WHAT YOU WILL DO:
Return the lines that run from the beginning of the entries to the line holding "中国关税战引发加密货币市场崩盘，BTC与ETH暴跌真相揭秘", inclusive, and drop the pictures.

(Data records)

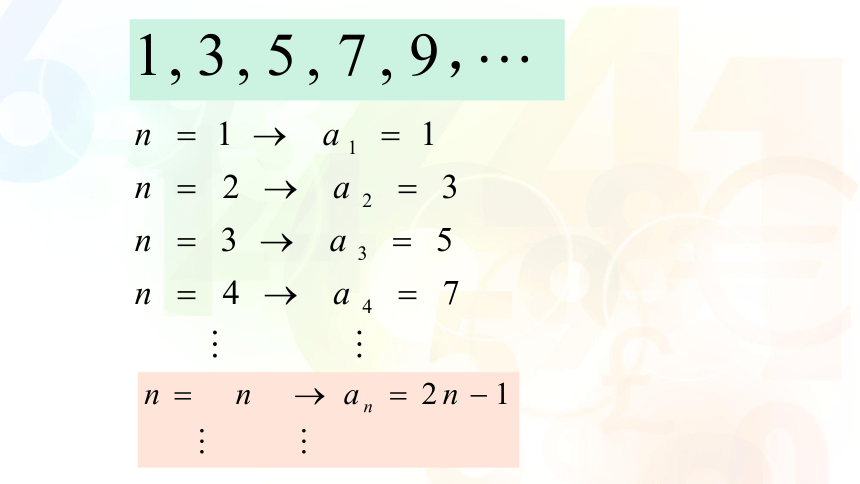 沪教版（上海）数学高二上册-7.1 数列 课件（17张PPT）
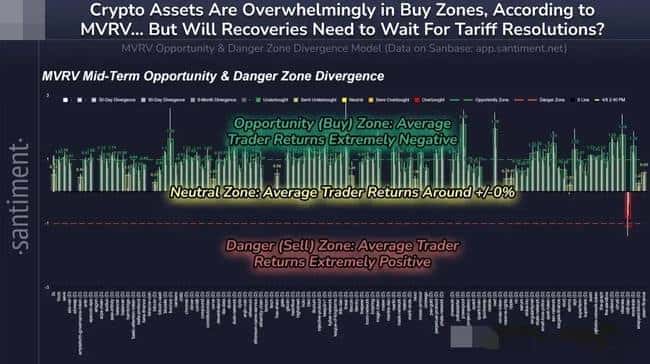 中国关税战引发加密货币市场崩盘，BTC与ETH暴跌真相揭秘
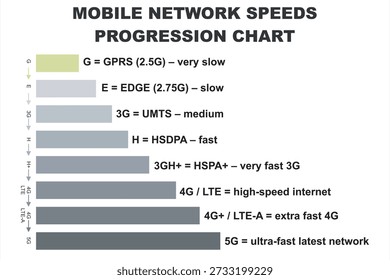 Mobile Network Speed Progression Chart from 2G to 5G, LTE, 2G, 3G, 4G and 5G technology icon symbols, showing the evolution of mobile internet technologies, including GPRS, EDGE, 3G, HSDPA, HSPA+, 4G LTE, LTE-Advanced, and 5G, highlighting speed improvements, connectivity advancements, and the growth of wireless communication for smartphones, data usage, and modern digital services.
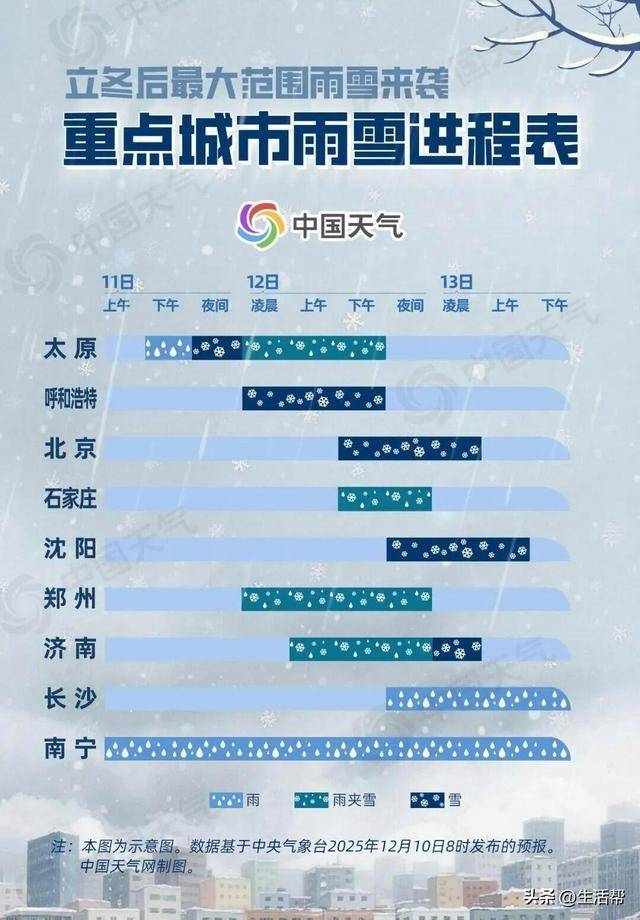 暴雪！断崖式降温！今冬最强寒潮<strong></p>
<p>外汇平台</strong>，来了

RESPONSE FOR THIS EXERCISE:
 沪教版（上海）数学高二上册-7.1 数列 课件（17张PPT）
 中国关税战引发加密货币市场崩盘，BTC与ETH暴跌真相揭秘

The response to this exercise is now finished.